ANSTHRLD - conflict check an advice please

Timothy A. McDaniel tmcd at jump.net
Sun Mar 25 18:21:01 PST 2001


By the way, I like the original design.  Pily [bendwise] is Germanic,
and not done as much in the SCA as in period.  The rose was the single
most common plant in armory.  The tinctures chosen were all common in
period.  It would make a nice device.

> Would there be a second difference if I add a
> belt around the rose either sable or purpure?

This would be registerable.  (There are other registrations of the
motif in this decade.  OK, at least one; I don't remember exactly how
many total.)  It would not fall afoul of the precedent banning, on a
*fieldless* design, charges within a loop of belt.  (That's how
Scottish clan badges are displayed, you see.)  It would clear the
conflict cited.  I suppose there could be new conflicts, but that's
much less likely.

I'd like to give advice, and so I'd like to step back and ask the
purpose of the badge.  The SCA uses "badge" to mean lots of things;
the period term was much more narrow.  Do you intend to use it like a
badge was used in period, to mark your retainers, flunkies, and other
personal possessions?  If so, I would recommend a usual period-style
badge: one object without a background ("fieldless"), or occasionally
two or more joined objects fieldless.  (It's a pity that "a rose en
soleil", a rose with sunbeams eminating, was a badge of the later
Plantagenets and is therefore not registerable (CoA Glossary of Terms,
Table 2, Restricted Charges).  A quatrefoil or trefoil en soleil would
be the closest you could get.  Those would still be pretty, I think.)

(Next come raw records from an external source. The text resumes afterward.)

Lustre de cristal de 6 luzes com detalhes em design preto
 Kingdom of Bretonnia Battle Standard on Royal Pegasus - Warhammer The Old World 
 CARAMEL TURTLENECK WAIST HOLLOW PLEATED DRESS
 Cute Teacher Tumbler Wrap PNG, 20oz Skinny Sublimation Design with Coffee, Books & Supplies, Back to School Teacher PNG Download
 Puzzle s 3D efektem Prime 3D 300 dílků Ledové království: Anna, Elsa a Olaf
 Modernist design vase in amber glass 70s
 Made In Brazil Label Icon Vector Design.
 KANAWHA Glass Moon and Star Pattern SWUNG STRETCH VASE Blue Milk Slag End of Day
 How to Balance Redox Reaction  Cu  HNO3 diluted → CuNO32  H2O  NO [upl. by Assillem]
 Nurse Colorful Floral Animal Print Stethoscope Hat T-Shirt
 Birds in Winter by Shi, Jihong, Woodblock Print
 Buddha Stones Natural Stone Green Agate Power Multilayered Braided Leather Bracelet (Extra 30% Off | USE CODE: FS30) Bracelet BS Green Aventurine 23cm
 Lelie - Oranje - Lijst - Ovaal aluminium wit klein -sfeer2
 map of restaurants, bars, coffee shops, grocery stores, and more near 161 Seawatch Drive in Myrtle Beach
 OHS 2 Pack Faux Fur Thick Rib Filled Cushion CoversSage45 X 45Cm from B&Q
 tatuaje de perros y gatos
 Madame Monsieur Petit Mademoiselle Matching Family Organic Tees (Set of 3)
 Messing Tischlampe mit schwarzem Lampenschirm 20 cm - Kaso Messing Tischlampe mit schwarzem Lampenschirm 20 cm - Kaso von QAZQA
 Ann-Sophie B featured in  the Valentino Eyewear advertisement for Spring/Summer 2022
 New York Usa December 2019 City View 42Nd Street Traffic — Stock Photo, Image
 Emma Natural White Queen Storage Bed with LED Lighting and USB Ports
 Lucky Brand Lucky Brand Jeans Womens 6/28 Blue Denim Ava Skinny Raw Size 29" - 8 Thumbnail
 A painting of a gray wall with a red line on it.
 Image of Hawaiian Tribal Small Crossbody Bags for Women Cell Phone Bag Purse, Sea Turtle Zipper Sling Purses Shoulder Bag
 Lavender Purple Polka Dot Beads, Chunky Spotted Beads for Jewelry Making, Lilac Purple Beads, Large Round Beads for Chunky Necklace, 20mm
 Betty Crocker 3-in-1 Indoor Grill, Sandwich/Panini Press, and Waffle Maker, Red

If, on the other hand, you have some other purpose in mind, a fielded
"badge" may be appropriate.  For example, if it's a flag for a
fighting household, and if you wanted to follow period style, then you
would certainly have a field in the armory.

I will also note that circular-thing-around-another-thing is generally
modern, for arms and badges, with perhaps the exception of Scots clan
badges (I don't know when that started), and for displays of
membership in an order (e.g., the blue garter around the shield for a
Knight of the Garter).  (By the way, one reason I dislike the required
laurel wreath for groups is that it invites moving away from period
usage, due to the temptation of fitting it in via "a widget within a
laurel wreath".)

You might consider other changes, like upping the number of roses,
changing their colors, et cetera, though those are also more or less
likely to conflict.

Purple was quite rare in period armory, being in around 1% of all arms
(except for Iberia, where it rose to perhaps 8%).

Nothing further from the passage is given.